Aesthetics, Criticism, & Other Non-Fiction

2012

Regression to the mean. All creators ought to fear it. Because if you create something really really wonderful, something great (“Money,” “Lolita,” “The Monk”) you should fear that that’s it; I’m done; everything I’m going to do after this is going to be really second rate (compared to this). Well, I don’t know about most cases but I do know this about Chandler: The Big Sleep. And that’s it, really. But I don’t think it’s because of regression to the mean. I really don’t. I’m willing to bank on a lot of other factors. Like alcohol. Like character flaws (I mean, his character flaws). Like the normal temptations all humans face—like if I write this quickly I’ll get some money. Come to think of it, all creators ought to fear all sorts of things, not just regression to the mean. So I take that back.

I wrote this for a really simple reason: I was struck—dumbfounded, really—by the fact that someone can be great with respect to their grasp of some aspects of language, and profoundly mediocre with respect to other aspects. That language is that complicated, that grand, and that our mastery of language is that piecemeal, that jagged, that gerrymandered, that greatness is rare in any case, but that when it shows up in someone (almost by accident, really) it can as a result cut a very narrow swathe, and rely on a very narrow skill set. It’s shocking, really, that something like this can be true.

1999 (2001)

Of course I had Wittgenstein’s Tractatus in mind — although not particularly in mind. I don’t know (and didn’t worry about) what he took his own numbering system to indicate. What I borrowed from him I understood to indicate a sequence of statements accompanied by footnotes themselves involving further footnotes, and so on. (I rather like footnotes, and so a structure primarily composed of a system of integrated footnotes appeals to me.) I also thought it important to indicate what sort of say/show distinction I was willing to commit myself to, and how it would play out in a particular bit of aesthetics. 

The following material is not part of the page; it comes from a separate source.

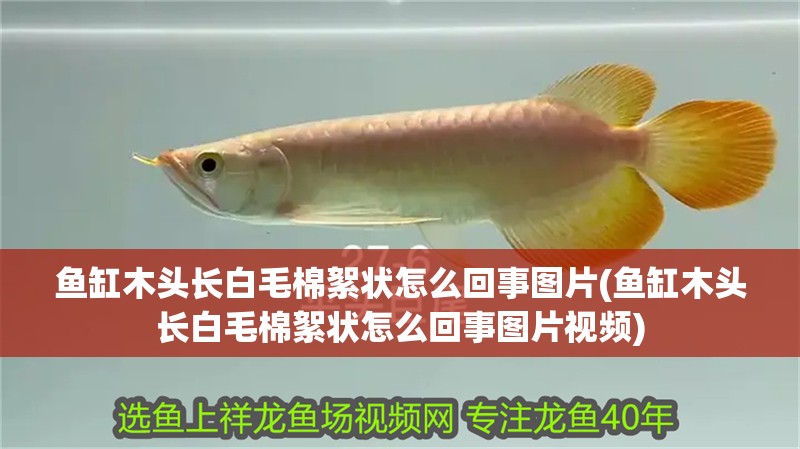 龍魚干蝦有營養嗎 魚缸木頭長白毛棉絮狀怎么回事圖片(魚缸木頭長白毛棉絮狀怎么回事圖片視頻) 觀賞魚百科 魚缸木頭長白毛棉絮狀怎么回事圖片(魚缸木頭長白毛棉絮狀怎么回事圖片視頻) 魚缸木頭長白毛棉絮狀怎么回事圖片(魚缸木頭長白毛棉絮狀怎么回事圖片視頻) 觀賞魚百科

Because it was published in a book of poetry, more than one individual thought it actually was a poem. That would have involved quite a bit of textual irony — given especially the footnotes to the footnotes to… to the footnotes to line 3. But it’s not a poem. 

It’s a piece of philosophy — but an odd sort of philosophy: one where all the arguments (pretty much) have been left out. Still (or so I’d like to believe) what the arguments have to be can be reconstructed by the assiduous reader. You, for example.